DuckIII wrote:Wallace shot a lower percentage on how many shots? I'd wager that Ben Wallace has probably been offensively "outproduced" season in and season out his entire career. Even when he was earning DPOY every year and playing in allstar games. Its an oversimplified analysis that doesn't encompass the impact he has on games when he's playing well.
The Pistons constantly had a positive PER differential at the center position when Wallace was there. Strictly point wise, you are right that Wallace got outproduced.
However, all of the things that you discuss in general about Wallace (good defense, dominating the boards, tips, etc.) used to show up in overall production. It no longer does. The Bulls are negative at the center position right now.
If he were a critical component of the offense, it would matter. But when Hinrich/Gordon/Smith-Chapu/Deng are out there with him, he's buttressed by 4 scorers. Its an issue, but it doesn't even sniff the significance you attach to it.
Under Boylan, with Wallace being "outproduced" by his assignment (ignoring the gross ineffenciency of that production) the Bulls are averaging 104 ppg on roughly 44 fg%. He's not a drain on the offense because he's a small part of it. Randolph shooting 8/23 or Aldridge shooting 6/17 - that is a drain on offensive production.

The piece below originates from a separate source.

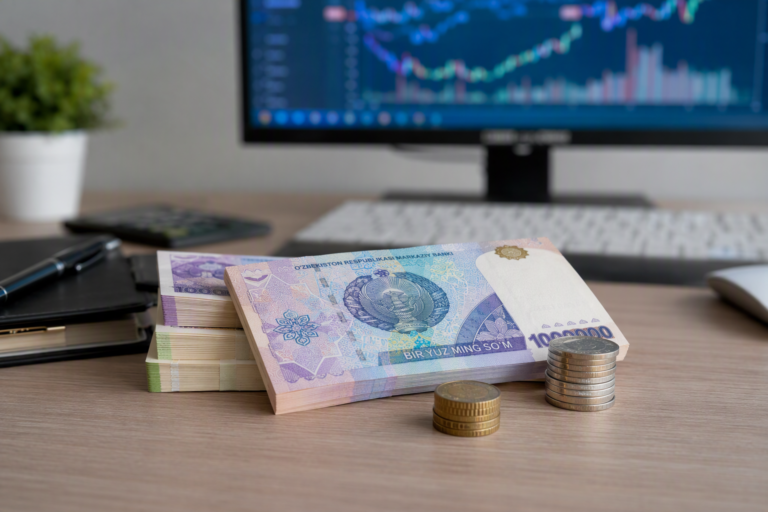 ¿Cómo Se Escribe El Símbolo De La Moneda Sum Uzbeko?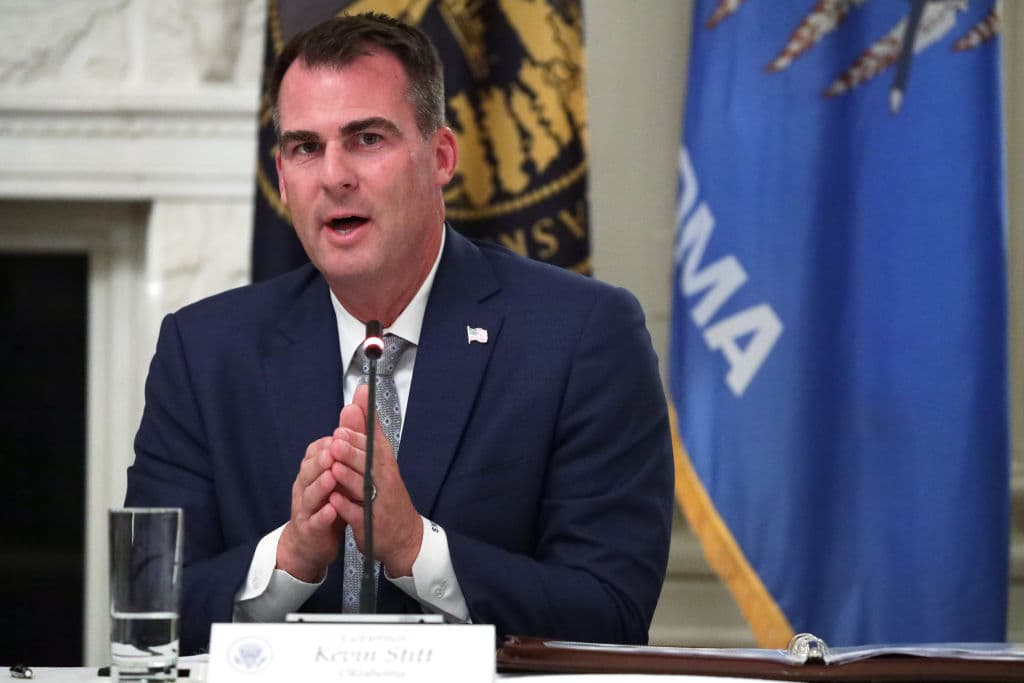 Oklahoma Gov. Stitt Spares Death Row Inmate Hours Before Execution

This is the biggest rub I have about Wallace. Offense is a 5 man game, just like defense. The Wallace high pick and roll is the perfect example of it. When Wallace is the picker, it leads to numerous turnovers and few points. Those numbers don't usually hit Wallace directly, but count against the other guys trying to make up for the fact that Wallace doesn't help and isn't being guarded.
When the Bulls run that same play with Joe Smith, they get a ton of high percentage looks.
Wallace's poor offensive play is more than just his stats. It becomes a negative intangible, just like his tipped passes on defense is a positive intangible.
Not to mention the hard-to-quantif offensive positives Ben Wallace provides with tipped boards, poke away steals, and blocks that lead to easier opportunities or the extra possessions he provides by being the #3 offensive rebounder in the entire NBA.
I'll give you your intangible if you give me mine.